I disagree with the focus of your argument because I actually think the current trajectory of faster AC charging is a rabbit hole in waiting: Beyond vanity I see no credible case for having rapid charging installed in every house because cars are not programmed to become emotionally bored when left to charge while their owners rest: Our rest (dinner, sleep, shower, etc.) probably translates into >10 hours for undisturbed car charging. It has been explained to me that drawing on 1 phase to charge a car in the EU would take a long time, but 10 hours is a long time. Some owners of big EVs will cry foul, but if someone can afford a big EV then they can afford a big charger to go with it: The socially more significant priority is the public benefit of rapid charging on-route in the exact same places where we have petrol stations, toilets, and coffee shops (where we are accustomed to stopping ~20 minutes). If charging networks provided a public benefit then nobody would actually need to trickle charge over an hour at destinations because there would be a working rapid within 2 miles.

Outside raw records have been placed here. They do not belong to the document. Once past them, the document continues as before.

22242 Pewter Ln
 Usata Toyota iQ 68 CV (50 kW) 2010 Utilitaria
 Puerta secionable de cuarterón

I disagree with your assertion that DC charging a car is inherently bad, and it strikes me as hypocritical of you to take such a position given your (unspecified) defence of CCS. EV networks have had a decade to maintain working rapid DC charging points near every petrol station, they have failed, and we have let them off the hook by being customers bickering over, or customers confused by, the various charging standards. God forbid any body be divisive enough to release a CCS1 and a CCS2... oh, too late! :(

Overall though I view arguments over Type 1 or Type 2, and CHAdeMO or CCS1 or CCS2, and GB/T or CHAdeMO-compatible Tesla, as red herrings. I don't really care, except that there needs to be a very good reason to drop a standard that is already in play because interoperability across the network (of which we are all a part) is necessary for advancement, while dividing the network into competing groups disrupts progress. Unlike the seatbelt competition that started in 1959 and ended with Volvo benevolently saving lives in all cars, or the 1980s Betamax/VHS fair market competition, our current EV plug differences are the product of career policy makers and wealthy lobbying groups strategising for their trading bloc's geopolitical influence instead of helping EV buyers cut emissions and save the planet.

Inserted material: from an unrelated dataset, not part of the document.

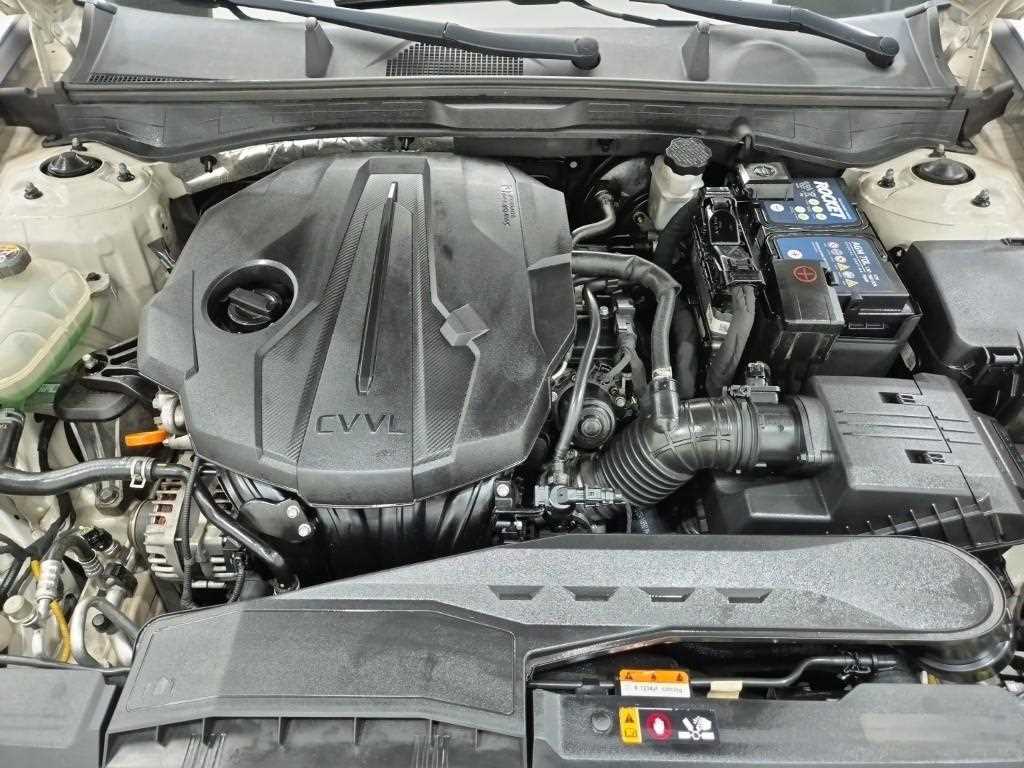 HYUNDAI Sonata - Vista 5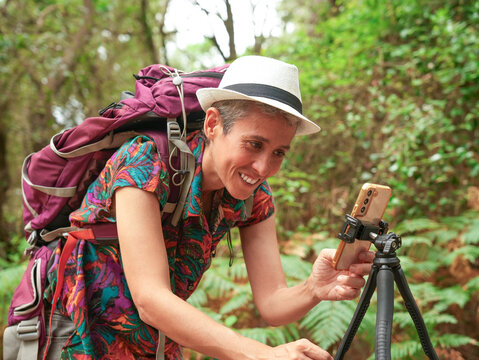 Travel Creator Using Smartphone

We need to stop playing musical chairs and instead maintain a static cohesive network.

BS1363/Schuko compatible garden socket on every home, and a CHAdeMO with contactless payment within 2 miles of every home, would be a lot cheaper and a lot more effective than the incompatible muddle of sparsely distributed broken chargers we currently have. This is not an anti-EU rant: It is instead acknowledgement of the negative consequences of misguided EU policy interventions.

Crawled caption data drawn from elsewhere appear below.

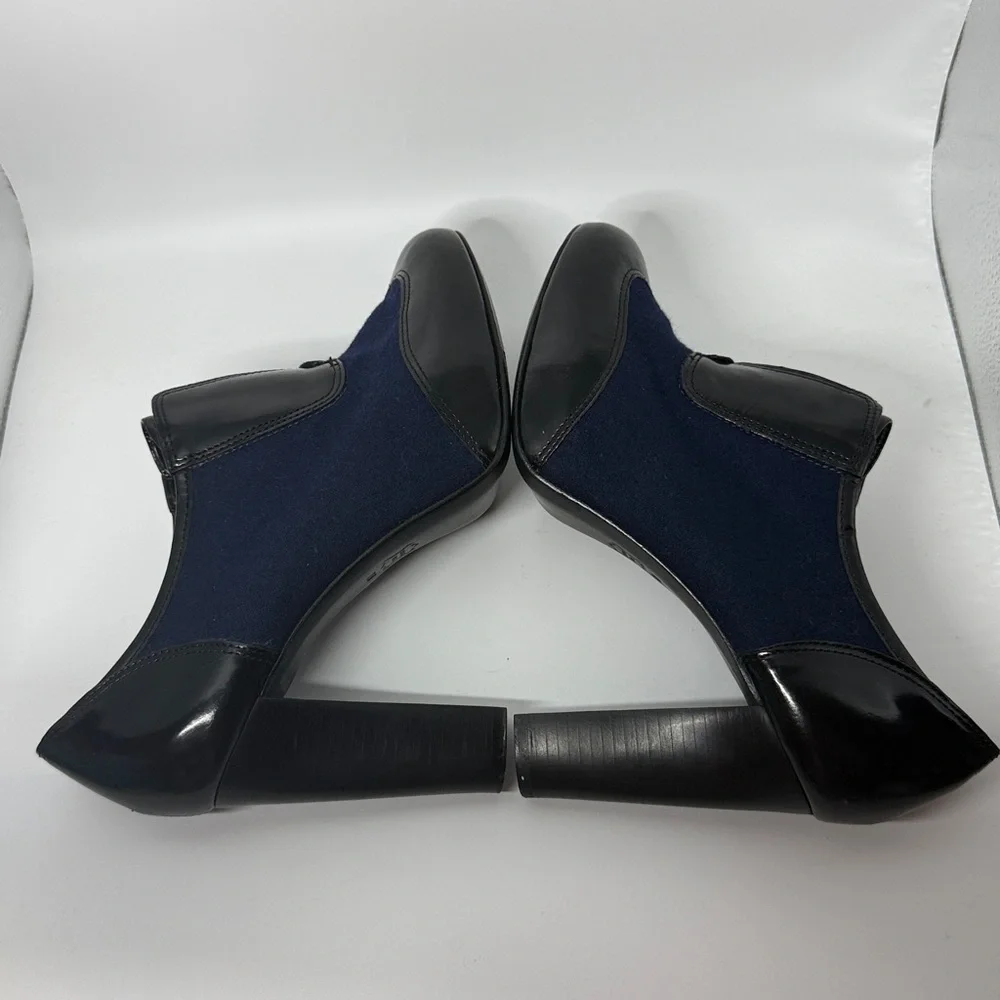 Tory Burch Leighton Women’s Sz 8 Wing Tip Style Ankle Booties Navy & Black Heels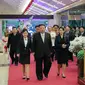 Kim Jong Un mengunjungi barak militer negara itu bersama istrinya Ri Sol Ju dan putrinya Ju Ae dalam rangka memperingati 75 tahun berdirinya Tentara Rakyat Korea. (Dok. KCNA)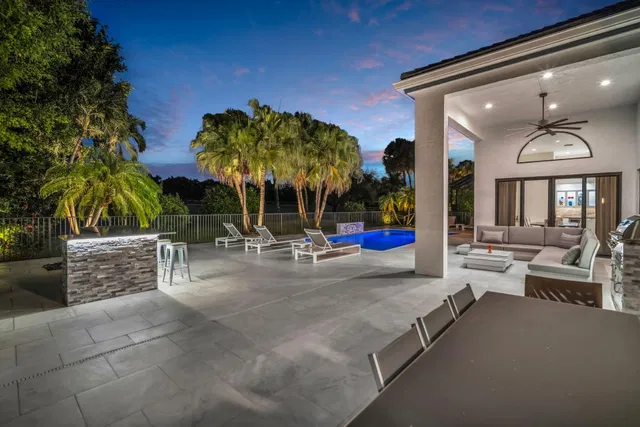 St. Andrews Country Club Residence photo 54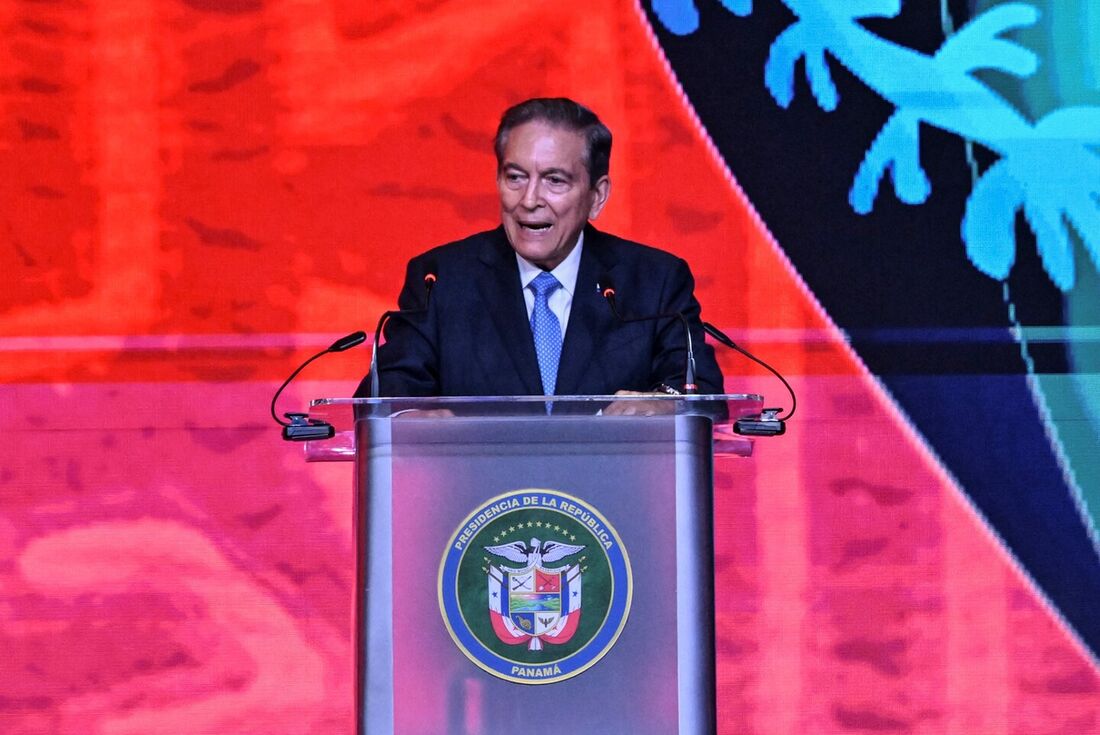 O presidente panaminense Laurentino Cortizo discursa no dia de abertura da Conferência Nosso Oceano no Centro de Convenções do Panamá na Cidade do Panamá em 2 de março de 2023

Furthermore, there is a very real benefit to adopting and endorsing a global standard led by volume sales without politicised market protectionism because vehicles cross borders (even if just for an initial sale). If you travel to geopolitically weaker states today you will observe inside ordinary homes the multitudes of incompatible plugs and sockets spanning centuries of competing standards (often with burned edges and other signs of overheating) because those regions unfortunately sit between the boundaries of geopolitical heavyweights: Those regions reuse old standard and import the widest muddle of new standards for use on their one domestic supply. Following on from the EU's mission (linked above), the EU's achieved differences will manifest as increased complexity in geopolitically weaker regions for hundreds of years. Designing new standards is blind vanity that inflicts avoidable complexity and economic deprivation on the planet, and who pays to fix that? The UN, the IMF?